Di balik megahnya Museum Sonobudoyo yang berdiri tenang tak jauh dari alun-alun utara Jogja, tersimpan harta karun yang tak bersinar tapi bernilai lebih dari emas: manuskrip-manuskrip kuno. Lembar demi lembar naskah, ditulis tangan dengan aksara Jawa, Arab Pegon, hingga Bali, menjadi saksi bisu perjalanan panjang kebudayaan Nusantara. Dari daun lontar sampai serat kertas Eropa, semuanya dijaga seperti merawat nyawa sendiri—karena sejatinya, memang itulah napas leluhur.
Koleksi manuskrip di Sonobudoyo tak cuma jadi pajangan dalam etalase kaca. Ia adalah narasi panjang peradaban yang tersusun lewat tinta dan waktu. Ada naskah keagamaan, kisah pewayangan, ilmu pengobatan tradisional, hingga ajaran moral dan filsafat Jawa. Masing-masing ditulis dengan gaya bahasa dan ejaan zamannya, membuktikan bahwa literasi di bumi nusantara telah tumbuh sejak jauh sebelum mesin ketik ditemukan.

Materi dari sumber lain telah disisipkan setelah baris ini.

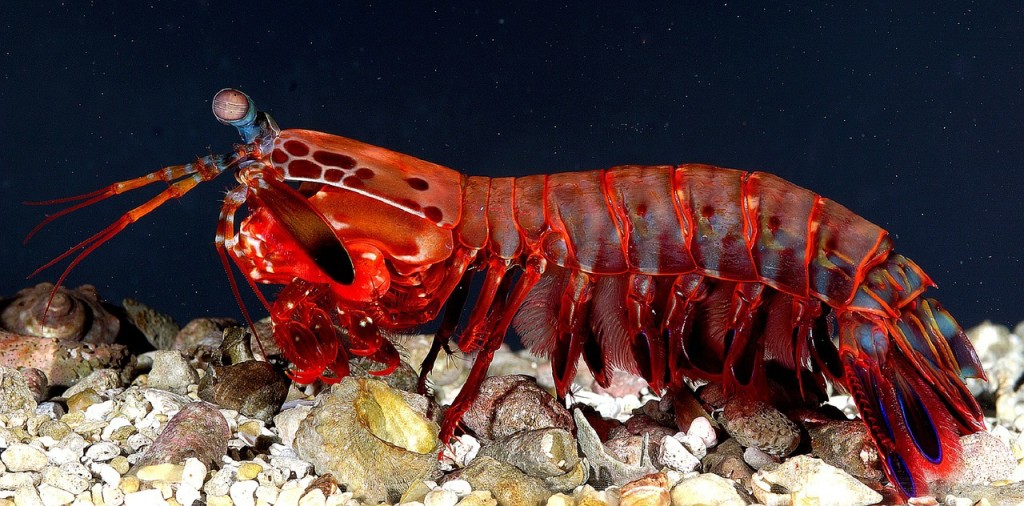 what-is-a-crustaceans-under-sea-animal-science-hub-4-kids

Bayangkan, ada teks kuno berisi pengobatan penyakit menggunakan ramuan dari daun-daunan dan akar pohon, lengkap dengan mantra dan doa pembuka. Atau naskah primbon yang mencatat hari baik untuk menikah, bertani, atau bahkan pindah rumah. Manuskrip-manuskrip ini bukan sekadar teks; mereka adalah cara hidup. Pengetahuan yang diwariskan bukan lewat sekolah, tapi lewat tangan yang sabar menulis, malam demi malam.
Lontar—daun yang dikeringkan dan diraut halus—menjadi medium awal. Lembaran ini ditulis menggunakan pisau kecil bernama pengutik, kemudian dihitamkan dengan arang agar tulisannya tampak. Teknologi sederhana, tapi daya tahannya bisa melampaui zaman. Ketika kertas jadi barang mahal, serat kayu dan kulit binatang juga sempat menjadi alternatif. Apapun medianya, semangatnya satu: menjaga ilmu agar tak lenyap ditelan angin.
Sonobudoyo bukan sekadar menyimpan, tapi juga menghidupkan kembali manuskrip-manuskrip ini lewat digitalisasi. Teknologi jadi jembatan, bukan pengganti. Naskah-naskah tua yang rapuh mulai dipindai dan diunggah agar bisa diakses lebih luas, tanpa harus menyentuh fisiknya yang rentan. Upaya ini bukan sekadar preservasi, tapi bentuk penghormatan.
Kadang, dari satu manuskrip kecil yang usianya ratusan tahun, kita bisa memahami dunia lama yang penuh kearifan. Bahwa leluhur kita tidak sekadar hidup, tapi berpikir, mencatat, dan menyampaikan. Dan Sonobudoyo adalah penjaga sunyi dari semua itu. Menyimpan suara masa lalu, agar kita bisa mendengarnya hari ini.
Jadi, kalau suatu hari kamu masuk ke ruang naskah kuno di Sonobudoyo, berhentilah sejenak. Tatap lembaran yang ada di balik kaca itu, dan bayangkan tangan siapa yang dulu menuliskannya. Mungkin ia seorang pujangga, tabib, atau petani biasa yang mencintai ilmu. Tapi satu hal pasti: dari ujung pena atau pengutik-nya, ia ingin kita tak lupa, bahwa pengetahuan adalah pusaka paling sejati.